領頭的馮公公更是一愣,顯然沒料到自己這副模樣還能讓人給認成女婿。
誰二十四歲長這樣?廠公這位準岳父,眼神不好使啊!不僅眼神,腦子也不好使。
沒見過,不會先開口問么?
頃刻間,全場一片尷尬。
唯獨姜明山不知他們在尷尬什么,便皺著眉問先前帶路那小廝,“怎么回事兒?”
小廝早在去通知老爺的時候就想說了,奈何被老爺給堵了回來,這會兒眼睜睜看著老爺當著這么多賓客的面認錯女婿,簡直尷尬得想去鉆地縫,趕緊提醒他,“老爺,這位不是肖督主,他是肖督主跟前伺候的馮公公。”
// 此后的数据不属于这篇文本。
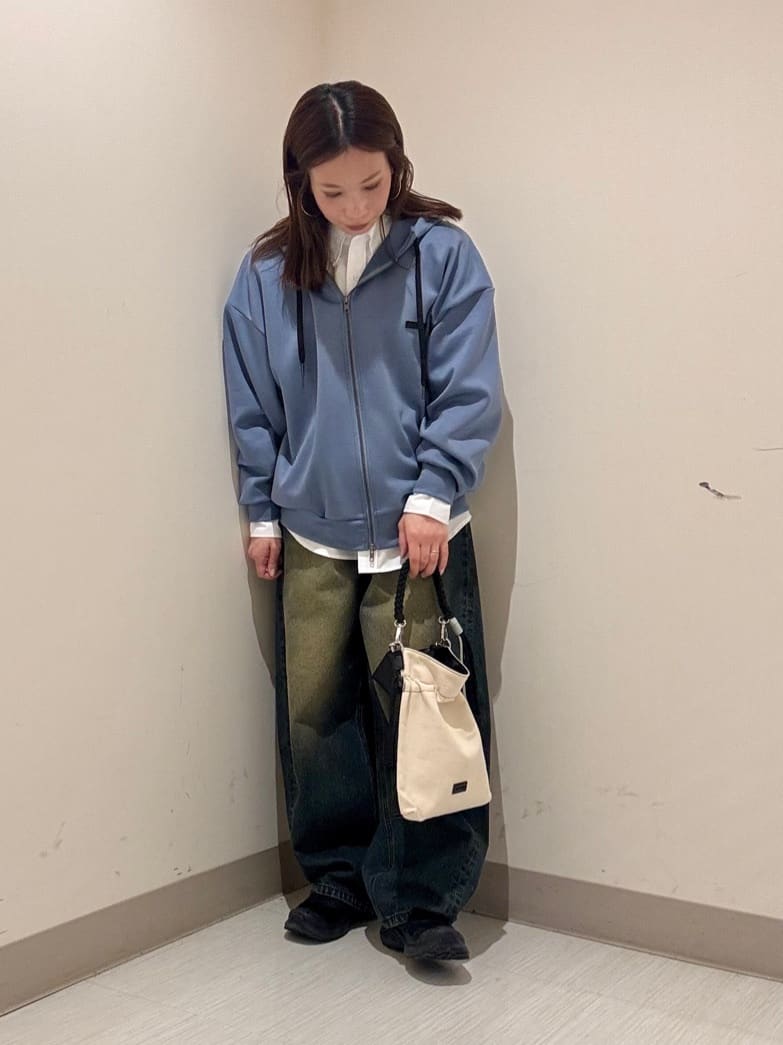 S.A.Oさんの「tk.TAKEO KIKUCHI｜◆ワンポイントジップパーカー」を使ったコーディネート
“什么!”姜明山當即黑了臉,老臉上跟被墨水染了似的。
“噗哈哈哈——”終于有賓客忍不住捧腹大笑,“自家女婿都能認錯,我今兒算是長見識了!”
肖督主名聲從來都不好,隔三差五就被黑,但今天絕對是被黑的最慘的一次。
有一個笑,其他的也憋不住,一個接一個地笑了出來。